Was it legal for him to do that? In a word: No. As my colleagues at The Wall Street Journal wrote last week: President Trump, meet Justice Jackson. Robert Jackson was the last attorney general of the United States and the last justice of the U.S. Supreme Court never to have graduated from law school. He was also a gifted jurist who played a pivotal role in a famous case in 1952.
In 1952, when American steelworkers went on strike and the U.S. military was fighting the Korean War, President Harry Truman asked Congress for the authority to occupy the steel mills and pay nonunion workers to replace the strikers. When Congress refused, Truman declared a state of emergency and directed his secretary of commerce, Charles Sawyer, to hire workers at federal expense to operate the mills.
When the mills' owners challenged Truman's order, a federal district judge enjoined the president from enforcing it, and the Supreme Court upheld the injunction. Youngstown Sheet & Tube v. Sawyer, known as the Steel Seizure Case, held that the president was without authority to occupy private property and pay others to do so without express appropriations from Congress because the Constitution defines clearly that no federal dollars can be spent without an appropriation by Congress.
Now, back to Justice Jackson. Rarely in Supreme Court history has a concurring opinion been cited and relied upon by future courts more than the majority opinion, but this case is the exception. In concurring with the majority on the court, Justice Jackson offered his now iconic views of the presidency vis-a-vis Congress under the Constitution.

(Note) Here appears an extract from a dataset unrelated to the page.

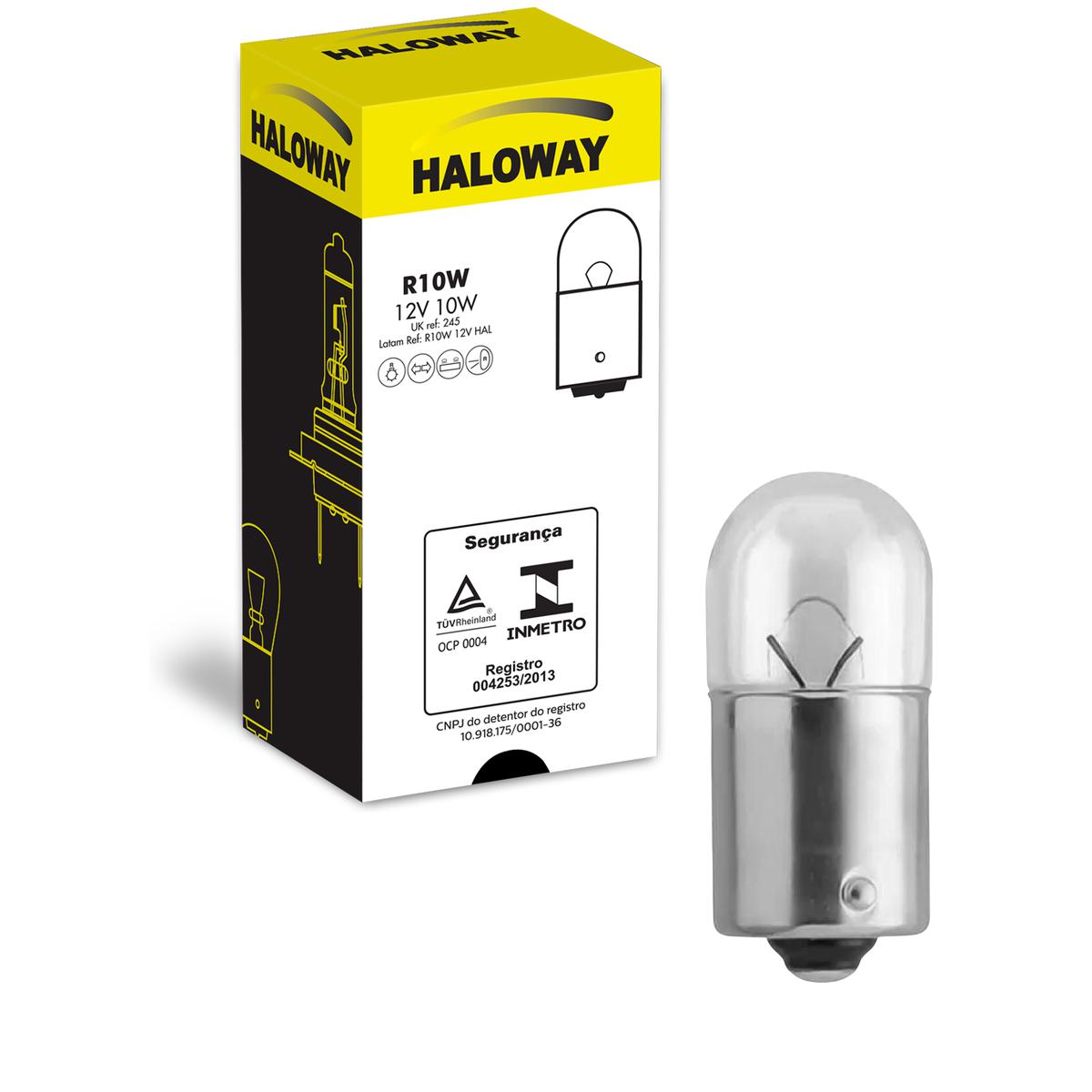 Lâmpada Freio/Lanterna R10W 12V 10W - Haloway - R10W 12V HAL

When the president acts pursuant to authority granted to him by the Congress in an area of government delegated to him by the Constitution, his authority is at its peak, and he is free to exercise it as he sees fit. When he acts in an area as to which the Congress has been silent, he acts in a twilight zone and can succeed only if the area of his behavior is delegated to him under the Constitution and if he enjoys broad public support.
But when the president acts in an area that the Constitution gives exclusively to Congress -- such as spending money -- and when he acts in defiance of Congress, his acts are unconstitutional and are to be enjoined.
Years later, Justice Anthony Kennedy would explain that presidents cannot act as if they were Congress any more than Congress can act as if it were the president. They cannot constitutionally exchange roles voluntarily, much less by defiance. This underscores the separation of powers. It is the most integral unique aspect of our Constitution. James Madison argued that it preserves personal liberty by keeping both the president and the Congress in check -- even if it means they are sometimes at tension with each other.
President Trump's emergency declaration would be viable, though probably unsubstantiated factually, if it did not involve spending money. But by spending money not unauthorized by Congress, he has failed to uphold the Constitution, which he has sworn to preserve, protect and defend.